Klaten, here we come !
Setelah selesai bertransaksi dan memindahkan segala amunisi kedalam mobil rental, tepat pukul 10 pagi kami kembali melajukan mobil untuk mudik. Rasanya seperti De Javu. Klaten..here we come !! Upss telepon dari keluarga, saudara-saudara, teman, tidak berhenti berdering menanyakan saya sudah sampai dimana. Boro-boro sampai mana, masih di Bekasi ! dan inilah sifat saya, tidak ingin membagi kemalangan serta kepanikan kepada orang lain. Hanya saya jawab “Doain aja.. macet..,” hahaha... Sing penting mudik lan slamet (Yang penting mudik dan selamat).

Sebenarnya itu cerita awal yang tak terlupakan saat pulang kampung kemarin. Masih ada momen dimana mobil rental kami pun kembali harus diderek saat sampai di daerah Srondol, Semarang keesokan paginya Subuh-Subuh pula, lalu kami harus menunggu sekitar 5 (lima) jam di bengkel karena masalah filter oli :( Ahhhh... rasanya ingin teriak sekencang-kencangnya. Karena belum sampai tujuan, kami harus keluar duit banyak sekali.

Sambel bawang favoritku
Dannnnn.... setelah perjalanan yang amazing itu, kami tiba di rumah saat matahari tepat diatas kepala. Sujud syukur kami tiba dengan selamat. Bercengkerama dengan Bapak, Ibu dan keluarga yang lain adalah jurus jitu untuk melupakan segala yang terjadi. Bisa ditebak pertanyaan yang pertama muncul adalah “mobilmu kondone ireng Nduk, kok putih ? (mobilmu katanya berwarna hitam Nduk, kok putih ?).” 


Azel di balkon kamarku Klaten
Karena saya benar-benar tidak ingin membagi kesedihan dan pasti membuat saya harus bercerita ke puluhan saudara lagi kalau mereka mendengar kejadian yang menimpa saya, jadi saya memilih untuk menjawab singkat “Iya, mobilnya ditinggal di rumah, ini dipinjemi saudaranya mas Ferry (suami) karena lebih irit bensinnya,” memang benar sih irit, tapi kan bukan dipinjami tapi bayar sewa haha. Pssttt.. sampai sekarang pun rahasia ini sebenarnya masih tersimpan rapi :D
Candi Plaosan Kidul

Candi Prambanan
Candi Kalasan
Di kampung halaman, kami benar-benar tak bisa tinggal diam. Hampir setiap hari kami pergi menjelajah. Apalagi kami membayar sewa mobil, jadi enggak mau rugi dong ya. Dalam satu hari kami berpetualang mengunjungi 7 (tujuh) candi : Candi Kalasan, Candi Sewu, Candi Prambanan, Candi Bubrah, Candi Lumbung, Candi Plaosan Lor, dan Candi Plaosan Kidul. Meski luar biasa panas dan suami berpuasa, kami sangat bersemangat dan menikmatinya. Azel pun tak kalah antusiasnya. Seperti menemukan harta karun tersembunyi rasanya. Padahal dulu saya kemana saja ya, cuma pernah berkunjung ke Candi Prambanan saja.
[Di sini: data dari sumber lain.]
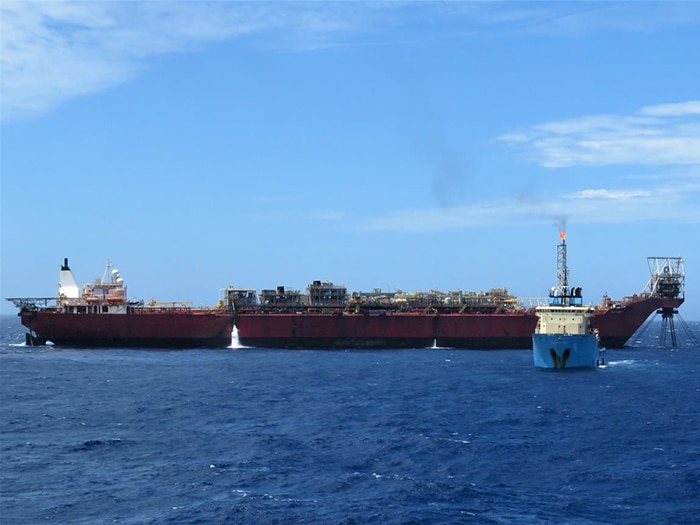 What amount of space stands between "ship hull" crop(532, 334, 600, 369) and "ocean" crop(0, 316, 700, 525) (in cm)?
251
Bersama keluarga di Pantai Kukup, Gunung Kidul
Pantai Indrayanti
Pantai Sundak
Di lain hari kami sekeluarga besar juga menyambangi pantai-pantai di Wonosari, Gunung Kidul, Yogyakarta. Karena banyaknya pemudik yang mengincar pantai-pantai Gunung Kidul untuk bernostalgia dan jalanan lumayan macet maka kami hanya bisa berkunjung ke 3 (pantai) yaitu Pantai Kukup, Pantai Indrayanti, dan Pantai Sundak. Jalanan yang berkelok-kelok khas pegunungan dan menembus hutan, sungguh membuat decak kagum yang tak henti-henti. Cerita lengkap mengenai kecantikan pantai-pantai ini pernah saya tulis dan bisa dilihat disini.

Wonogiri
Wonogiri
Lalu kami juga berpetualang ke Museum Krast, Wonogiri dan pulangnya Azel panas tinggi. Keesokannya kami harus beristirahat agar Azel cepat sembuh karena beberapa tempat praktek dokter yang kami datangi juga tutup. Jadilah Azel dikasih obat penurun panas yang saya bawa dari Bekasi. Alhamdulillah, sepertinya Azel juga tidak ingin membuat emak-bapaknya sedih, hanya 2 hari panas Azel sembuh dan kami kembali berpetualang ke rumah nenek buyut di desa Bayat.

Panen sawo di  Bayat
Ketan bubuk kesukaanku
Bayat sangat terkenal dengan batik tulis dan gerabahnya. Oya, saya pun bangga lahir di desa Bayat. Ketika ‘pulang’ ke Bayat rasanya selalu ada romantika tersendiri. Mungkin karena tumpah darah saya di desa ini. Yang belum pernah pergi ke Bayat, sepertinya menyesal kalau tidak memasukkan daftar Bayat ketika menyambangi Klaten. Ada beberapa tempat wisata yang wajib dikunjungi lho seperti Makam Kyai Ageng Pandanaran (atau Padang Aran), Wisata kuliner apung Rowo Jombor, melihat produksi gerabah, memborong batik tulis yang pastinya murah, mencoba kuliner nasi kucing angkringan khas Bayat, dan beberapa wisata lain. 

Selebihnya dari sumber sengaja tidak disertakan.